* _ACTIVITY_
Skip every picture, and output exactly the lines starting at the one with "42Pcs Birthday Party" and running through the last line of the material below.

* _GIVEN MATERIAL_
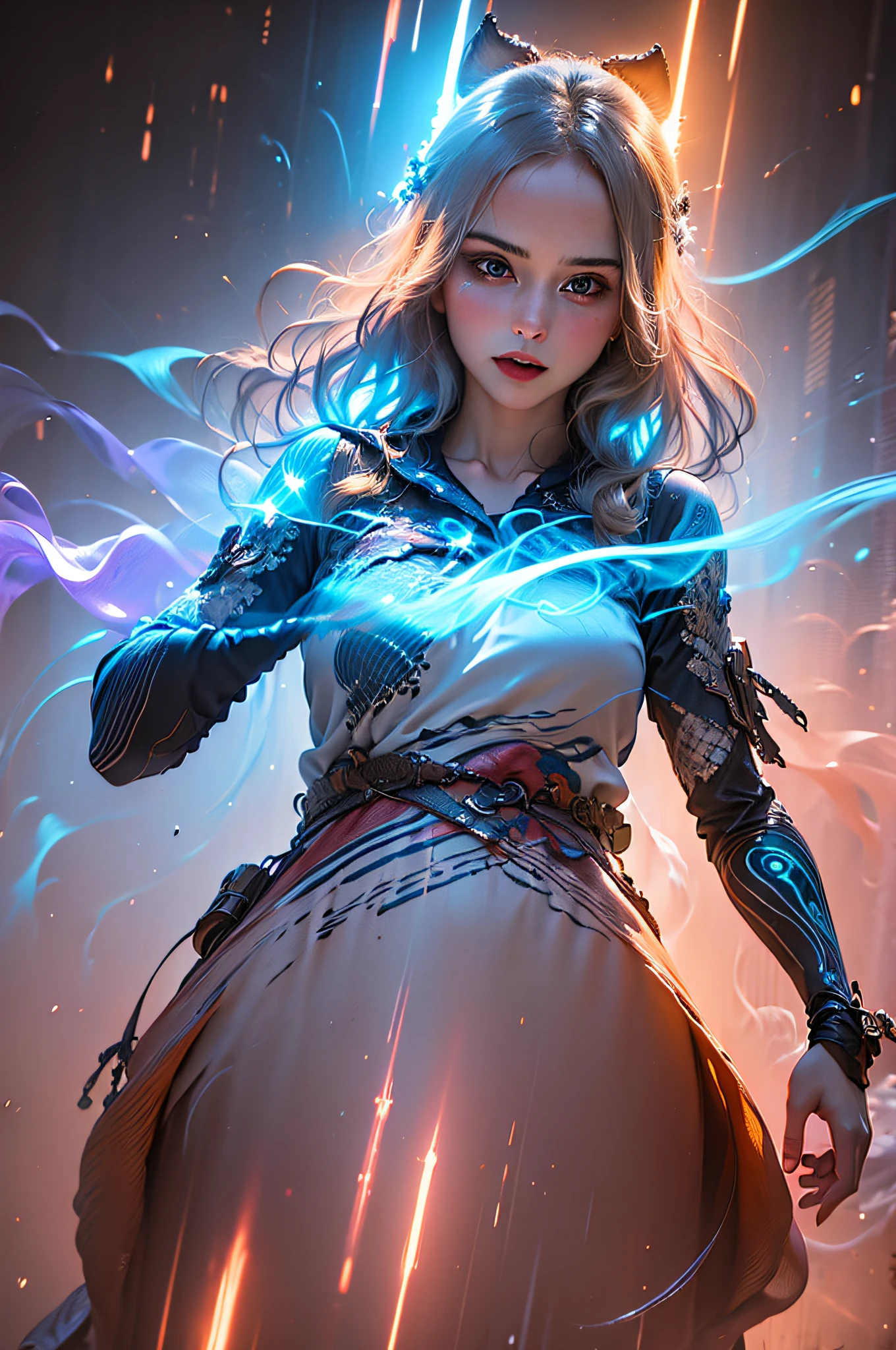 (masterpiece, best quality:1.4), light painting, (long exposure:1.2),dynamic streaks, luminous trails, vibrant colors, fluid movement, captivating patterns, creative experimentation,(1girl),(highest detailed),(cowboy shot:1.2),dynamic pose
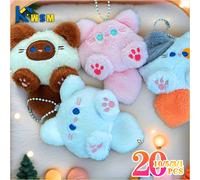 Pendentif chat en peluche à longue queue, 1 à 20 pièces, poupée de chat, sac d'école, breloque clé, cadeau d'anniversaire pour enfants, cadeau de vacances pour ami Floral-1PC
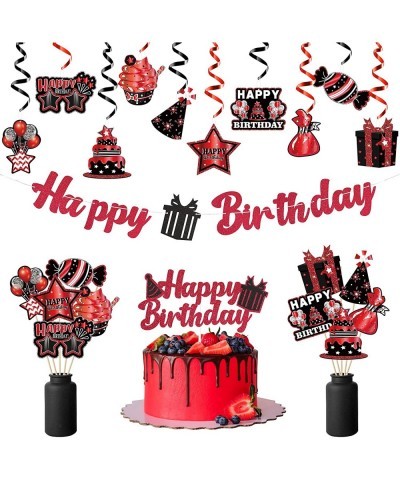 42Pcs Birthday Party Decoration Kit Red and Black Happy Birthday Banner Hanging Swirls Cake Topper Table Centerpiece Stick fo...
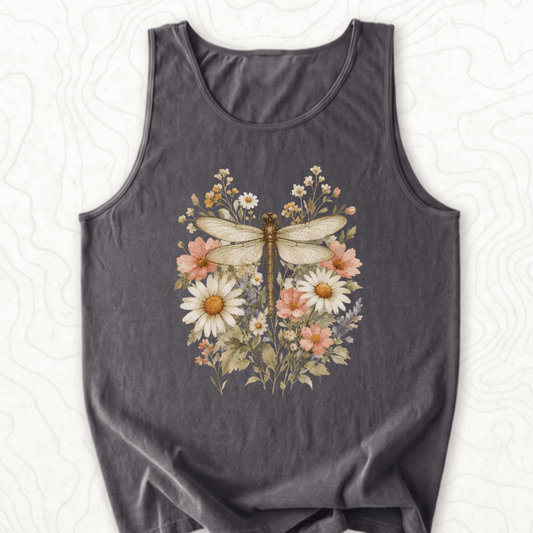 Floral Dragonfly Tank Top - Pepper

* _OUTPUT_
 42Pcs Birthday Party Decoration Kit Red and Black Happy Birthday Banner Hanging Swirls Cake Topper Table Centerpiece Stick fo...
 Floral Dragonfly Tank Top - Pepper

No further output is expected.